Click here to view the article on Trove: http://nla.gov.au/nla.news-article116649160

Day 10, Tuesday, 19 October, 1915, Dripstone to Stuart Town

Transcription of extract from an article titled ‘The Route March : Growth of the “Snowball”’ in The Farmer and Settler, 22 October, 1915, p. 3 [part 2 of 3]

… [Continued]

‘Lunch at Mumbil.
An early start was made on Tuesday for the next halting point on the itinerary, which was a seven-mile stretch to Mumbil. Arrived there, the local school children sang for the “Coo-ees,” and their mothers and sisters provided a most acceptable lunch in a paddock adjacent to the queer old school house. Cheers were given, and the people assured the recruits of their good will, but they furnished no additions to the force. Mumbil was warmly thanked by the spokesmen of the party, then a move forward was made to the night camp at Stuart Town.

The Stuart Town Function.
After a swim, a mile or so out of town, column of route was once more formed, and the boys marched in, headed by the school children, and took up their quarters in the local hall. As there was no suitable accommodation available for entertainment, the townspeople arranged to give the men tea in McAtamney’s Hotel, but, of course, the “follow the King” rule held good, even there. The usual recruiting meeting was held after tea in the hall, resulting in four names being handed in. All were not able to go at once; two will follow in a day or two, and the others, as usual, will be carried on with the column until the next doctor is found. Supper was dispensed as usual by the good-hearted womenfolk, who furnished mountains of beautiful cake and pastry —though the recruits are beginning to wonder if sweets constitute quite the best ration for marching men. The boys sometimes sigh for red meat.’

Click here to view the article on Trove: http://nla.gov.au/nla.news-article116649160

Coo-ee March: Introduction

Gilgandra Route March (Daily Telegraph, 16 Oct. 1915)

Route of the March (Daily Telegraph 16/10/1915)

The  320 miles (515 km) “Coo-ee” recruitment march left Gilgandra with 25 marchers on Sunday, 10th October, 1915, stopping in each town and village along the route to be welcomed by local officials and members of each community, and to hold recruiting speeches to increase their ranks, and arrived in Sydney on Friday, 12th November, 1915 with its numbers increased to 263 marchers.  This march started a snowball of other similar recruitment marches in late 1915 and early 1916.

The Sydney Morning Herald  (13 November 1915, p. 20) reported the following official figures ‘of the men who actually signed on (after medical examination), between Gilgandra and Sydney:- Gilgandra, 35; Dubbo, 13; Wongarbon, 12; Geurie, 6; Wellington, 31; Stuart Town, 1; Euchareena, 1; Molong, 4; Parkes, 5; Orange, 19; Millthorpe, 2; Blayney, 11; Bathurst, 17; Glanmire, 1; Yetholme, 1; Wallerawang, 3; Lithgow, 19; Blackheath, 2; Katoomba, 11; Leura, 1; Lawson, 10; Springwood, 5; Penrith, 4; Parramatta, 27; Ashfield, 22; total, 263’.
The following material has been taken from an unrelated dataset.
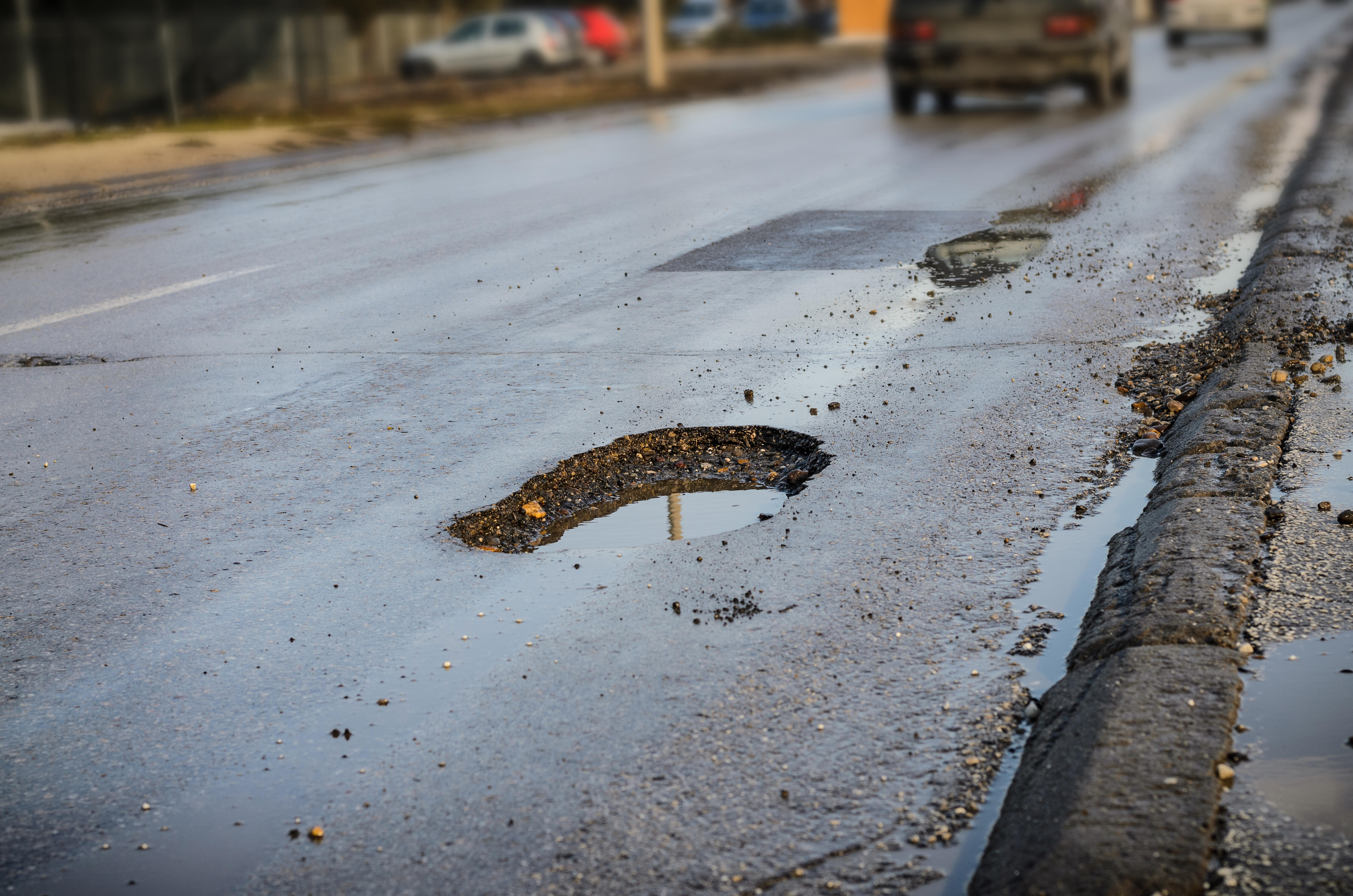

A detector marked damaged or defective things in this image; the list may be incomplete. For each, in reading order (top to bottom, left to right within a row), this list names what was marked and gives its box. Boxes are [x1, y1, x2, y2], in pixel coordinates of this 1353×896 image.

Following is the route and timetable of the march: Sunday, Oct. 10,  Balladoran ; Monday, Oct. 11,  Eumungerie ; Tuesday, Oct. 12,  Mogriguy ; Wednesday, Oct. 13,  Dubbo ; Thursday, Oct. 14,  Wongarbon ; Friday, Oct. 15,  Geurie ; Saturday, Oct. 16-Sunday, Oct. 17,  Wellington ; Monday, Oct. 18,  Dripstone ; Tuesday, Oct. 19,  Stuart Town ; Wednesday, Oct. 20,  Euchareena ; Thursday, Oct. 21,  Boomey ; Friday, Oct. 22,  Molong ; Saturday, Oct. 23-Sunday, Oct. 24,  Orange ; Monday, Oct. 25,  Milthorpe ; Tuesday, Oct. 26,  Blayney ; Wednesday, Oct. 27,  Bathampton ; Thursday, Oct. 28,  Bathurst ; Friday, Oct. 29,  Yetholme ; Saturday, Oct. 30-Sunday, Oct. 31, Wallerawang ; Monday, Nov. 1-Tuesday, Nov. 2,  Lithgow ; Wednesday Nov. 3, Little Hartley ; Thursday, Nov. 4,  Mt. Victoria ; Friday, Nov. 5,  Katoomba ; Saturday, Nov. 6-Sunday, Nov. 7,  Lawson, Monday, Nov. 8,  Springwood ; Tuesday, Nov. 9,   Penrith ; Wednesday, Nov. 10, Parramatta ; Thursday, Nov. 11, Ashfield ; Friday, Nov. 12, Sydney.

An account of the march on a day by day basis will follow initially in this blog.  It will be based mostly on articles from The Farmer and Settler, which were provided by Stanley E. Stephens, who was the son of the editor of this newspaper sent to be the official correspondent to cover the march, and who also joined the Coo-ees as a recruit at Gilgandra.